“Maybe we should have some time apart this weekend,” I recently said to the Lucky Guy.
He looked hurt. “Time apart?”
Uh oh, that came out wrong.
What I meant was: it feels so good to hang out together as much as we can. Sometimes, I just want this certain moment to last forever and ever, unbroken. Yet these past couple of months have been so intense, between being evicted, house-hunting, parenting, working, carpooling, moving, — oh, and fitting in date nights — I haven’t slowed down and sat with myself.
But what I’ve noticed is this: if I don’t get just a bit of time to myself every day, I get out of sorts. I turn snappy and irritable, and it’s not pretty. The funny thing, however, is I can’t believe that I’m the one asking for some time and space to myself. Me, a woman who used to have such a hard time being alone.
If single motherhood has taught me anything, it’s how to be alone. As many of you pointed out on this blog six months ago, being alone is not the same as loneliness.

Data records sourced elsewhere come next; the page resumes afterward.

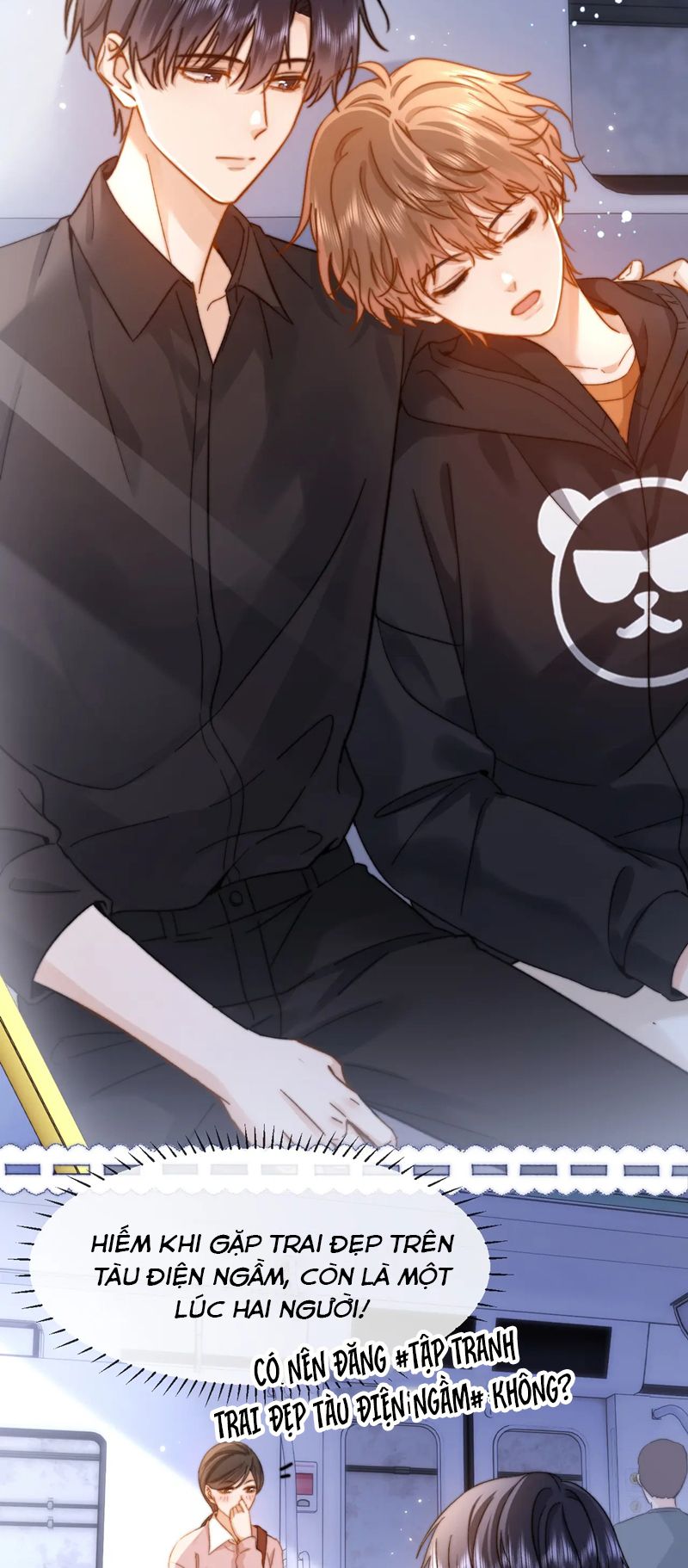 Chất Dị Ứng Đáng Yêu Chapter 32 - Trang 2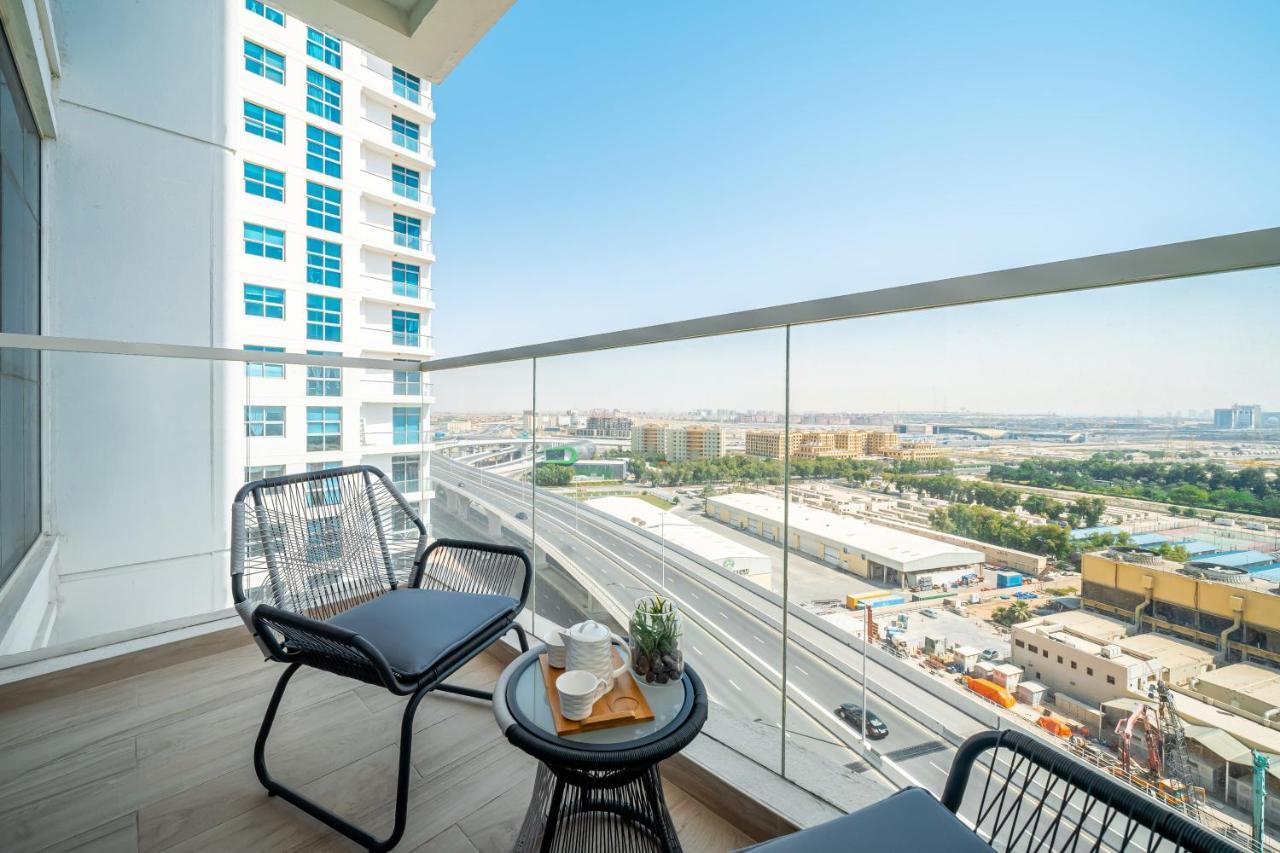 Higuests - Gorgeous Apartment Close To Jbr Beach 迪拜 外观 照片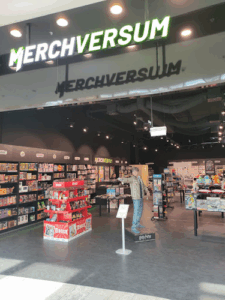 Merchversum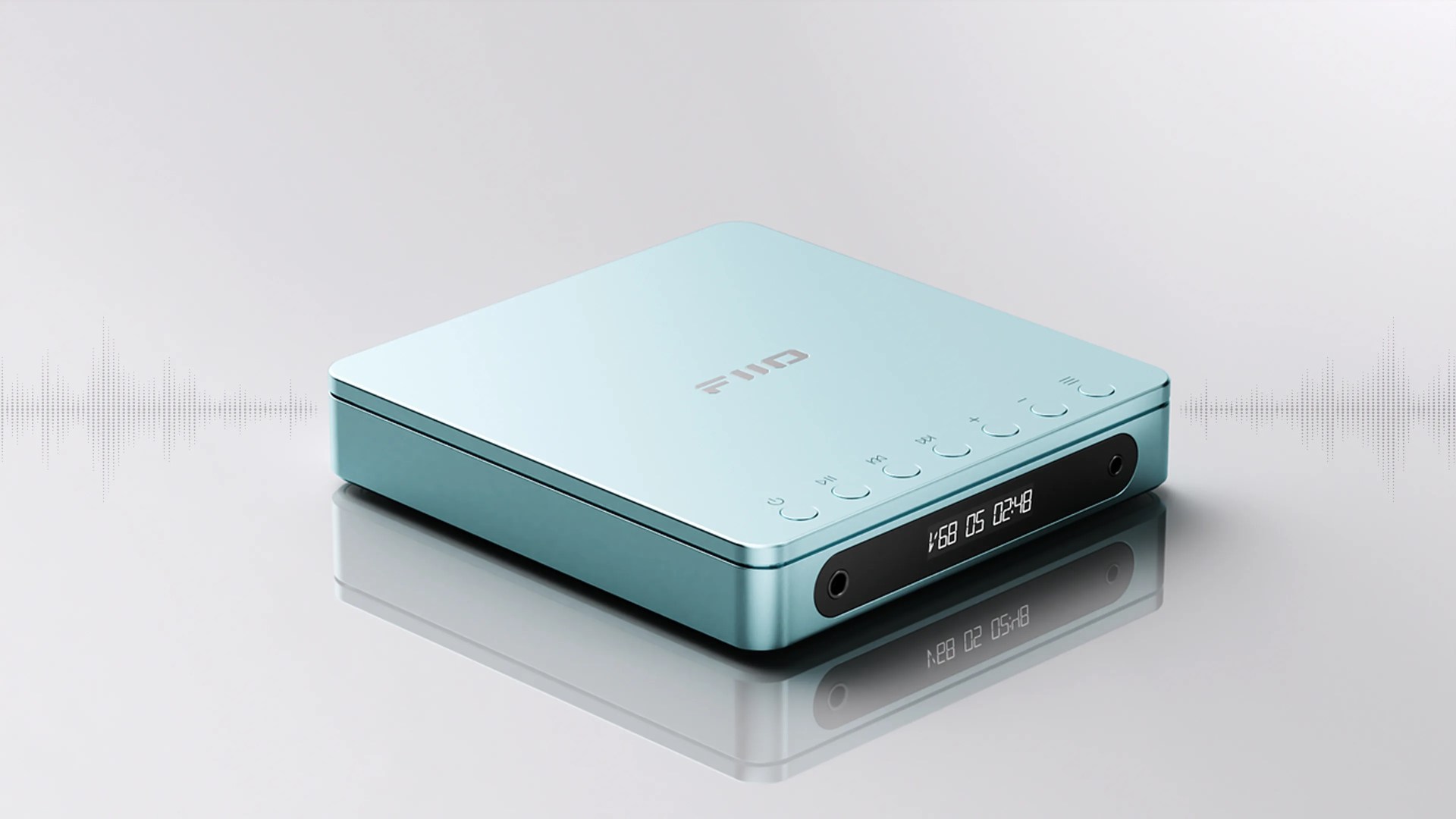 FiiO CD Player
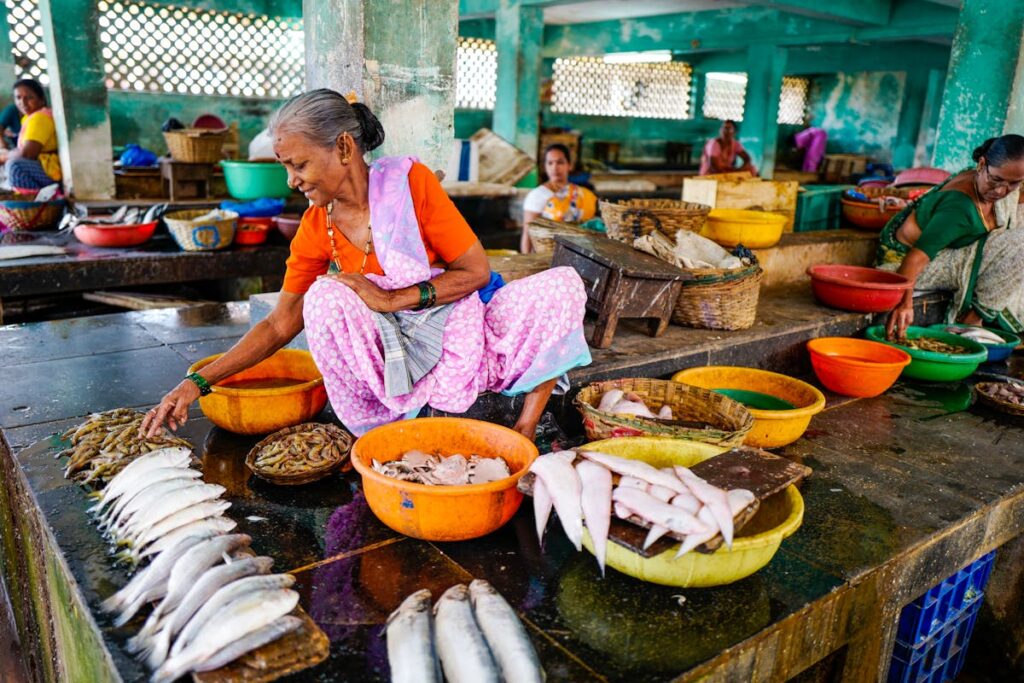 Inde – Au pays des Maharadjahs (4)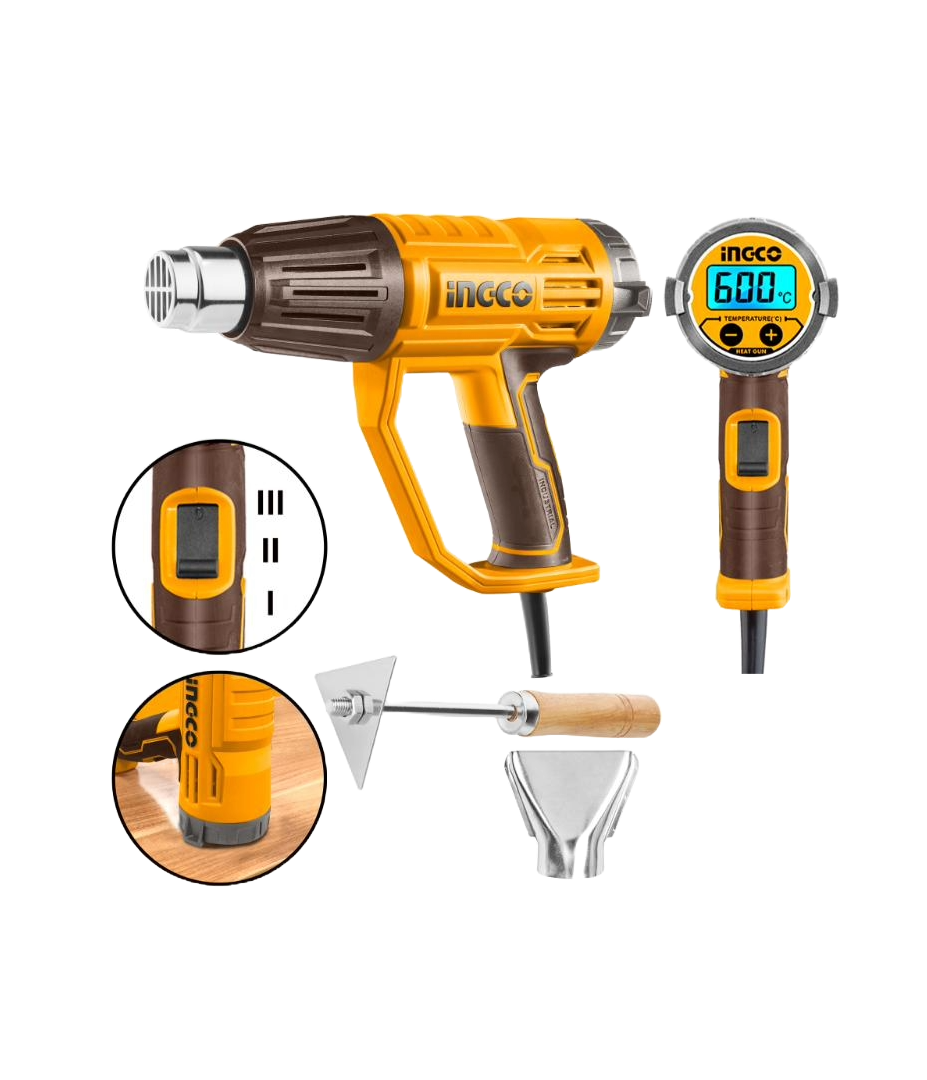Heat Gun (2 000W)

Not long ago, any stretch of time I had by myself used to feel so hard. Let’s say that my kid was off for an afternoon play date, and I had a few hours to myself. I just had to do something: Grocery shop, plan the week’s calendar, clean, schedule.
Why couldn’t I slow down? Blogging helped. So did walking. And calling girlfriends. In between, I had some good cries. Yet, I saw how badly I needed to be with myself, alone, even when it felt so dang hard.
Now that I’ve gotten used to having “me time,” however, I need it. Do you know what I mean?
Do you also need some time and space to yourself, a bit every day? Does it renew you, too?